Segment Start: Record excerpts
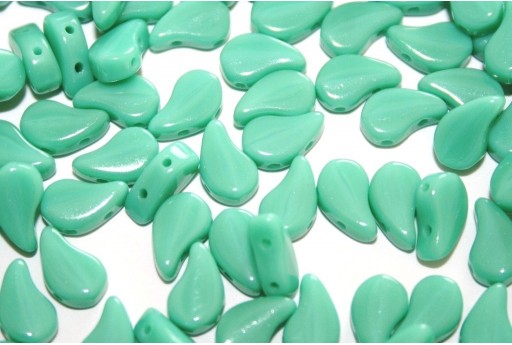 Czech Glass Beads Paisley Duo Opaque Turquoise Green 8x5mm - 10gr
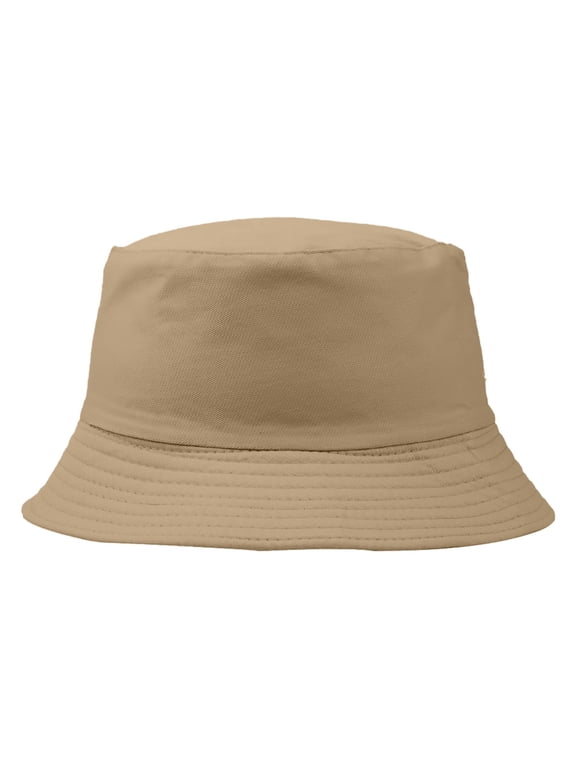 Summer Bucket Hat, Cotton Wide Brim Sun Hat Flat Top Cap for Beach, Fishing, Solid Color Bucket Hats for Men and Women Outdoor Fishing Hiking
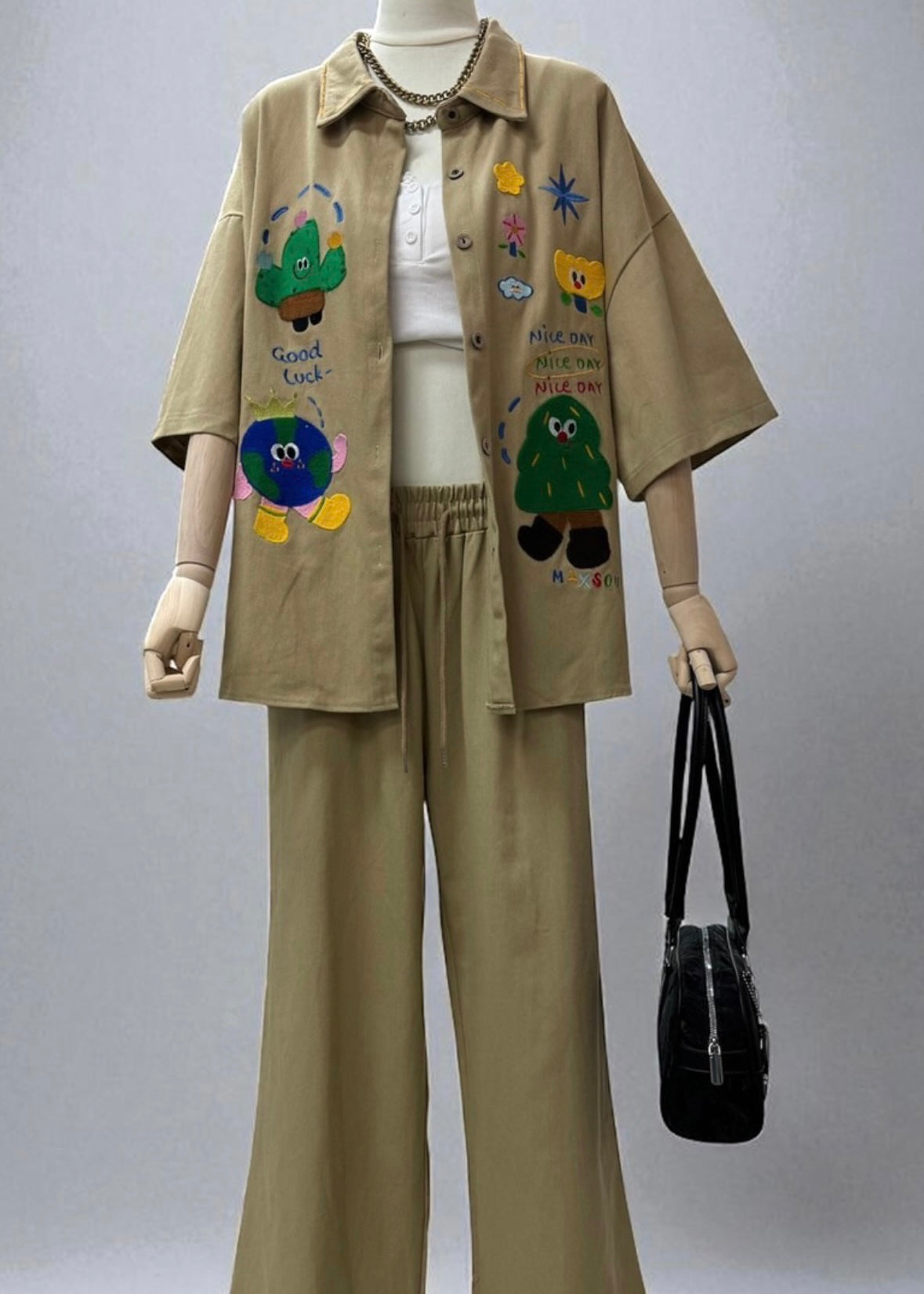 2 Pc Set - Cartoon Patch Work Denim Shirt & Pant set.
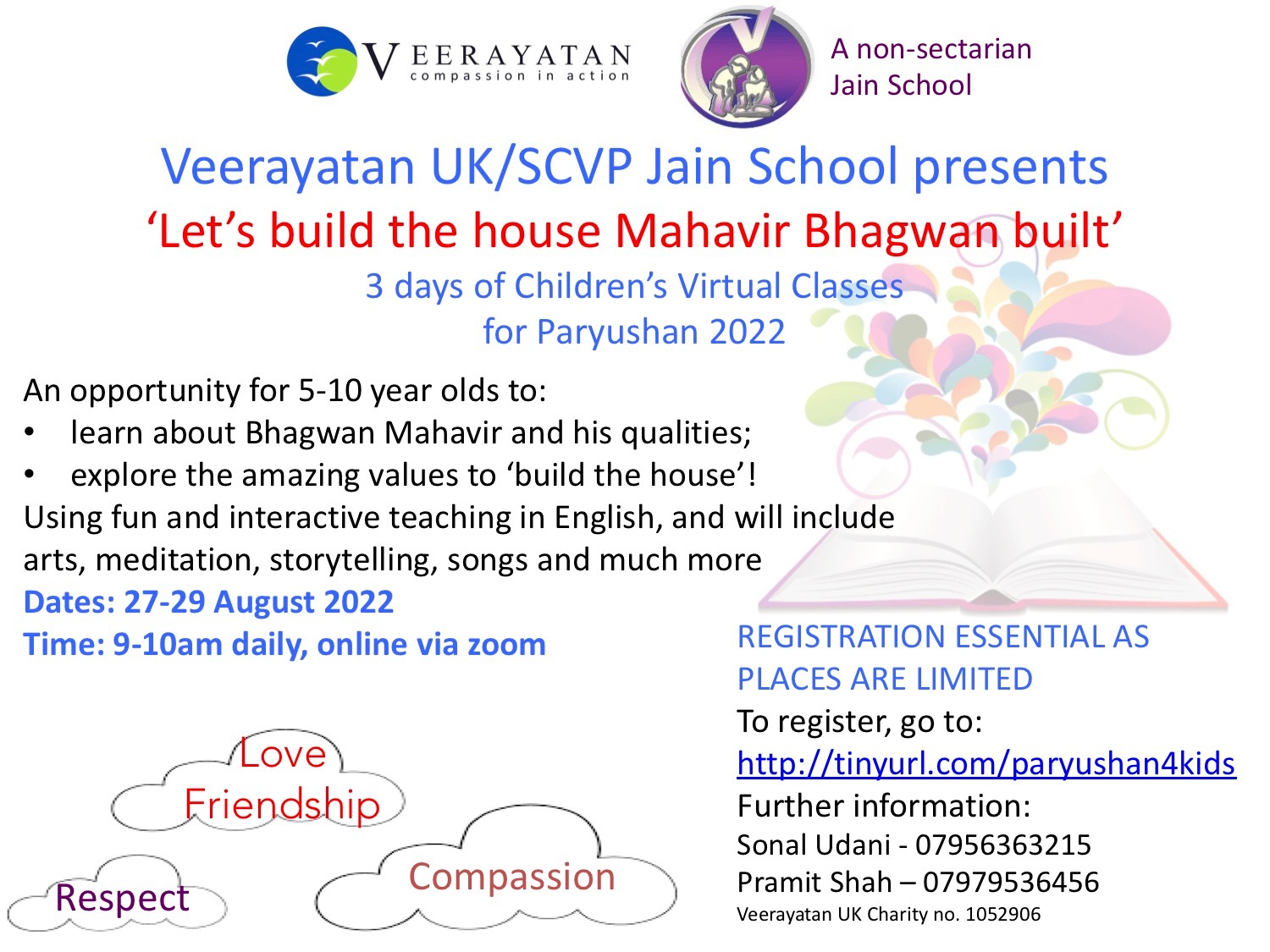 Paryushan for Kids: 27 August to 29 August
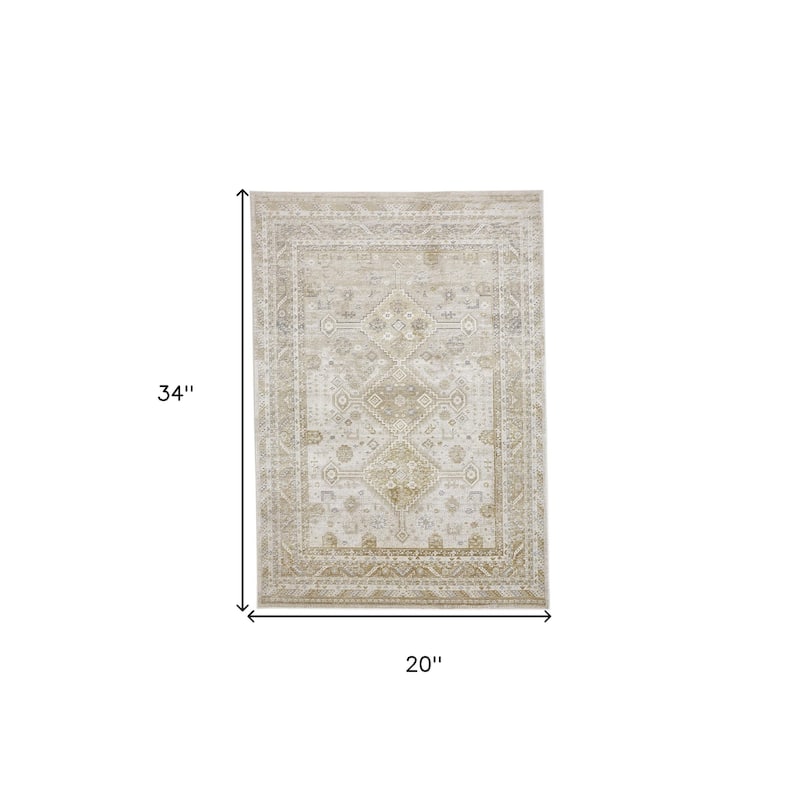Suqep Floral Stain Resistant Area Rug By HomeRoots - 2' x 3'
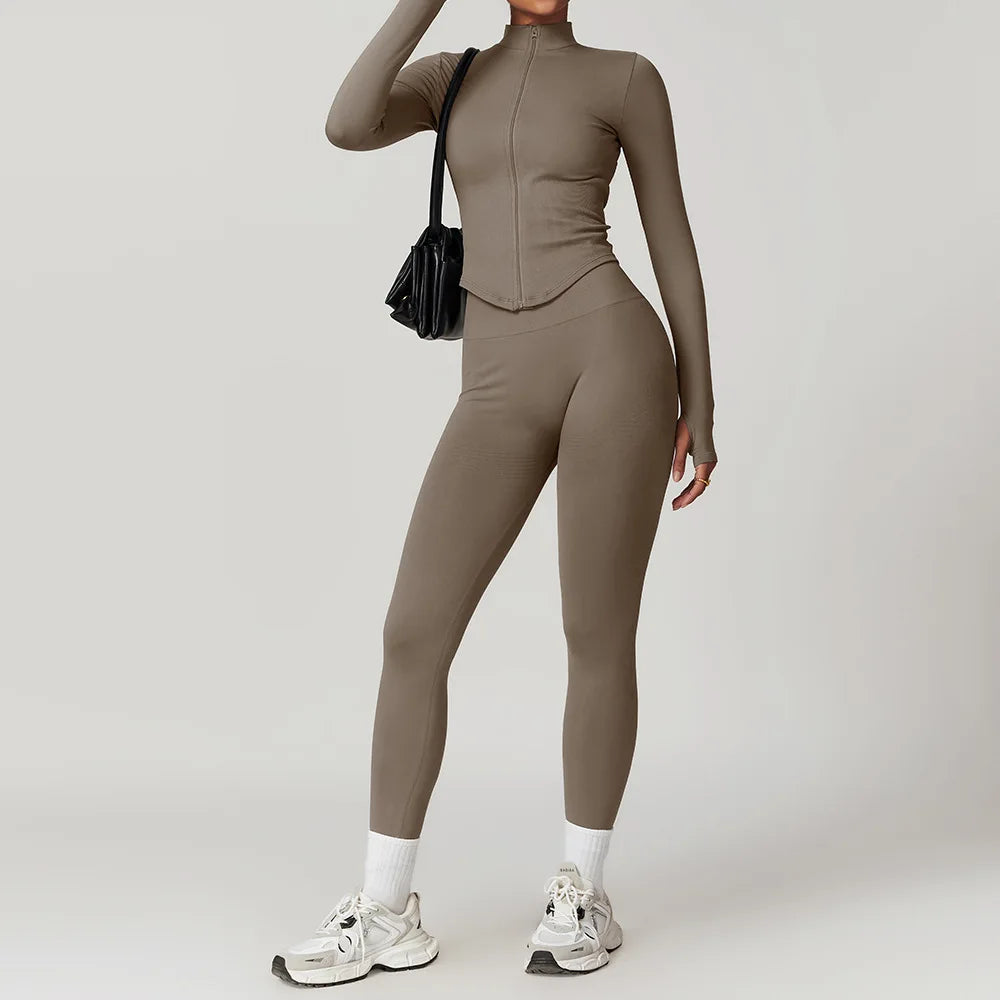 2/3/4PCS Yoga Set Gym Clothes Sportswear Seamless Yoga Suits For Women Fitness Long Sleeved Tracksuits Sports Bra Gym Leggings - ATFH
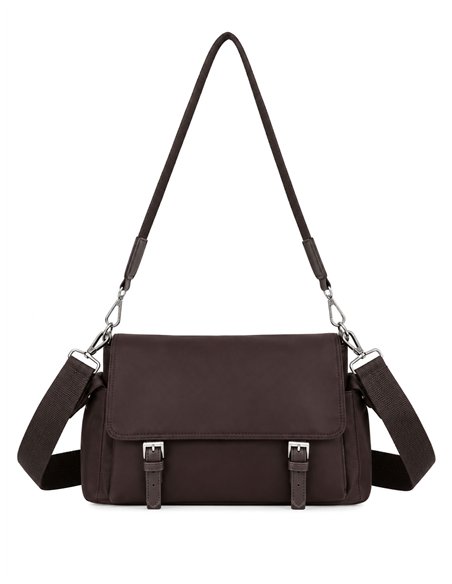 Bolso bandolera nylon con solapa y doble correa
Segment End: Record excerpts
The problem. Start with the line holding "Suqep Floral Stain" and repeat exactly every line through the final line of the records above, but no pictures and nothing more.

Response for this exercise.
Suqep Floral Stain Resistant Area Rug By HomeRoots - 2' x 3'
 2/3/4PCS Yoga Set Gym Clothes Sportswear Seamless Yoga Suits For Women Fitness Long Sleeved Tracksuits Sports Bra Gym Leggings - ATFH
 Bolso bandolera nylon con solapa y doble correa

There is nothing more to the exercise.